Mit seiner Erklärung, in NRW werde auch über Merkel und ihre Europapolitik abgestimmt, hat er genau die Verbindung hergestellt, die Kanzleramt und Adenauerhaus so gerne kappen würden: Das Desaster von Düsseldorf soll an Röttgen hängen bleiben - aber bitte, bitte nicht an der Kanzlerin. Dass man derzeit leichter einen Eskimo in der Wüste als einen Röttgen-Fan in der Union findet, liegt aber nicht nur an dessen Europa-Einlassung. In der CDU sind sie schon seit Wochen darüber verzweifelt, wie lustlos Röttgen den Wahlkampf betreibt. Ohne Herzblut, blass und fahrig absolviert der Spitzenkandidat seine Termine. Kein Wunder, dass er gegen die temperamentvolle Hannelore Kraft und ihr "NRW im Herzen" nicht reüssiert. Nicht minder desaströs ist aber auch die Wahlkampf-Führung Röttgens: Erst hat er sich um eine Antwort auf die Frage gedrückt, ob er bei einer Niederlage im Land bleibt. Dann fiel er mit abenteuerlichen Kurswechseln auf. Ausgerechnet der Umweltminister forderte auf einmal gegen die Parteilinie eine Erhöhung der Pendlerpauschale.
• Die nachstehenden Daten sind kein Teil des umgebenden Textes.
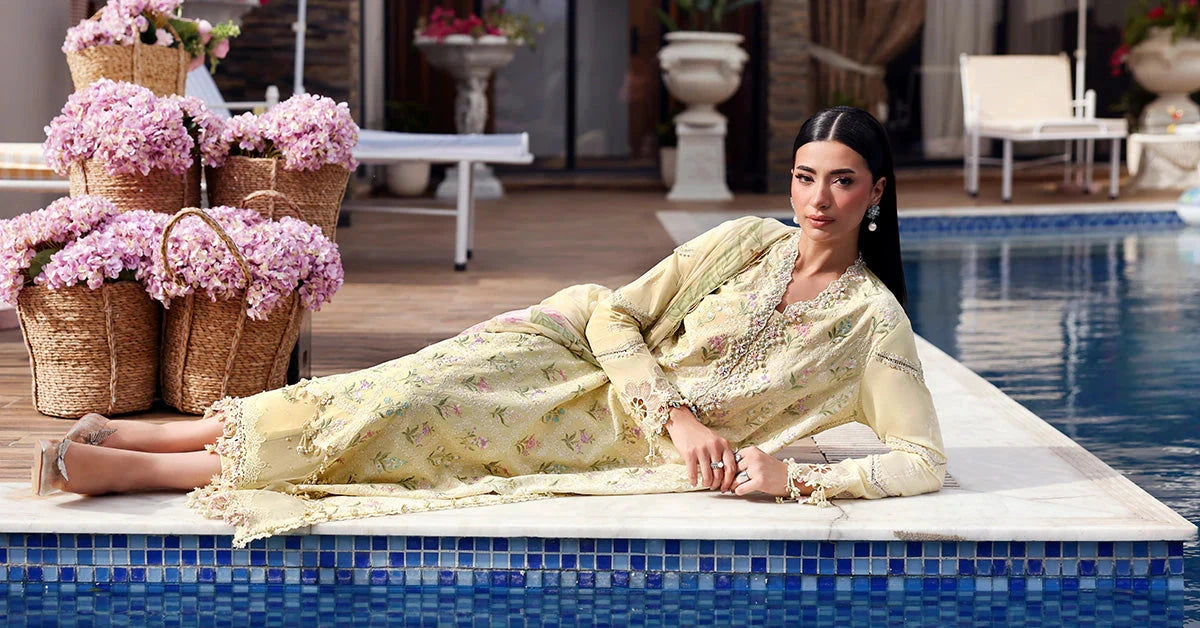 MARIA.B - 3PC Luxury Lawn Embroidered Suit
Inzwischen dürfte es „Muttis Klügstem“ gelungen sein sich beim Wähler als unwählbar darzustellen. 
Vielleicht ist er sogar zu sehr über das Ziel hinausgeschossen und zieht seine Partei auf unter 30% an Rhein und Ruhr runter.

Da hilft es auch nicht, dass Röttgen Kraft zur "Schuldenkönigin" kürt. Er will die Menschen gewinnen, indem er andeutet, ihnen Geld oder Lebensstandard nehmen zu müssen. Dabei vermeidet er es aber tunlichst auszusprechen, was ein strikter Sparkurs bedeutete, und vor allem, wo denn überhaupt gespart werden könnte: Röttgen sagt A, das B aber bleibt er schuldig. Überzeugungskraft kann er so nicht entfalten.
Nun hat er wenige Tage vor dem Urnengang versucht, die Wahl auf eine höhere Bedeutungsebene zu hieven, indem er sie zur Abstimmung über den Euro-Kurs Angela Merkels erklärt hat. Ein Akt der Verzweiflung? Oder der Versuch, schon mal einen Teil der Verantwortung zur Kanzlerin abzuschieben. In der CDU sind sie fassungslos über die Vorlage für die Opposition im Bund. Selbst Kabinettskollegen verhöhnten den Umweltminister öffentlich. "Wie Röttgen auf die Idee kommen konnte, die Landtagswahl zum Test für die Politik der Bundesregierung auszurufen, ist mir schleierhaft - zumal er sich im Wahlkampf ja immer mehr der SPD und den Grünen angenähert hat", sagte Entwicklungsminister Dirk Niebel (FDP) SPIEGEL ONLINE. Und die Kanzlerin stellt via "Ruhr Nachrichten" klar: "Die Wahl am Sonntag ist eine wichtige Landtagswahl für Nordrhein-Westfalen, nicht mehr und nicht weniger."

Offensichtlich ist auch die Kanzlerin inzwischen niederlagesgewiss - Dank Röttgens Taktik.